Perhaps it was the doughnut; possibly it was pure logic, quietly working away at the problem like penetrating oil gradually seeping into a rusted joint. Possibly it was a flash of insight, the mental equivalent of a double six and a quick trip up a ladder; most likely that, because the conclusion arrived complete and ready to wear, batteries included. If Susan Ackroyd was here just a moment ago, it followed that she was not with Paul. If she wasn't with Paul on the morning of the Spring Bank Holiday, didn't that suggest that the two of them weren't the stone-cold definite Item she'd been assuming they were? Maybe they were nothing more than Just Good Friends. In which case (she mused excitedly, biting vigorously into the second doughnut) the game wasn't over and she was still in with a sporting chance, straight blonde hair or no straight blonde hair. The more she thought about it, the more obvious it became. If she was a man-eating vampire blonde (and amphibious into the bargain) with her hooks into some poor unsuspecting male right up to the knuckles, would she let him out of her sight on a sunny Bank Holiday morning? Would she hell as like. She'd have had their day together mapped out and precisely scheduled well in advance, with back-ups and fail-safe options in the event of unexpected obstacles and complications, all drawn tightly together into a unified game plan designed to advance the relationship to the next level of the overall strategy - she'd have drawn it all up on graph paper, neatly plotted on the X and Y axes, with each variable charted in a different colour of felt-tip pen. Wouldn't anybody, if they were truly serious about a relationship? Surely it stood to reason.

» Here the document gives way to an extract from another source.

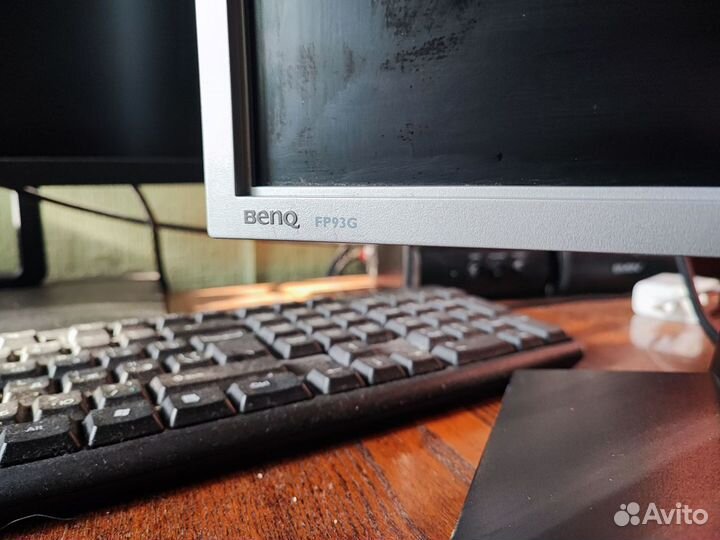 Монитор benq FP93G 19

As she licked cream and sugar residues off her fingertips, the sun flipped open the lid of its paintbox and started filling in the numbered spaces with rich, glowing shades of yellow and gold. It was all fearfully symbolic, as the warmth of insight evaporated the damp residues of anger; and it had never been like this, at Home, where there simply weren't any such extremes. Maybe it was a terrestrial thing, something to do with being limited to three dimensions, one shape, one set of senses and one perspective. If they could fly like birds or swim like fish, would mortal humans still retain the ability to feel things so intensely, to concentrate so ferociously on a single issue, to love or hate a single person so passionately? Highly improbable, to say the least. Oh, but if only Daddy and all the rest of them could just have a taste of what they were missing, love and hate and cream doughnuts too, wouldn't they all be down here, on the other end of the rain, instead of up there in the monotonous, unending blue?
She'd closed her eyes at some stage. Now she opened them again, and immediately saw two very familiar faces, no more than twenty yards away. It was as if someone with a nasty sense of humour had done it on purpose.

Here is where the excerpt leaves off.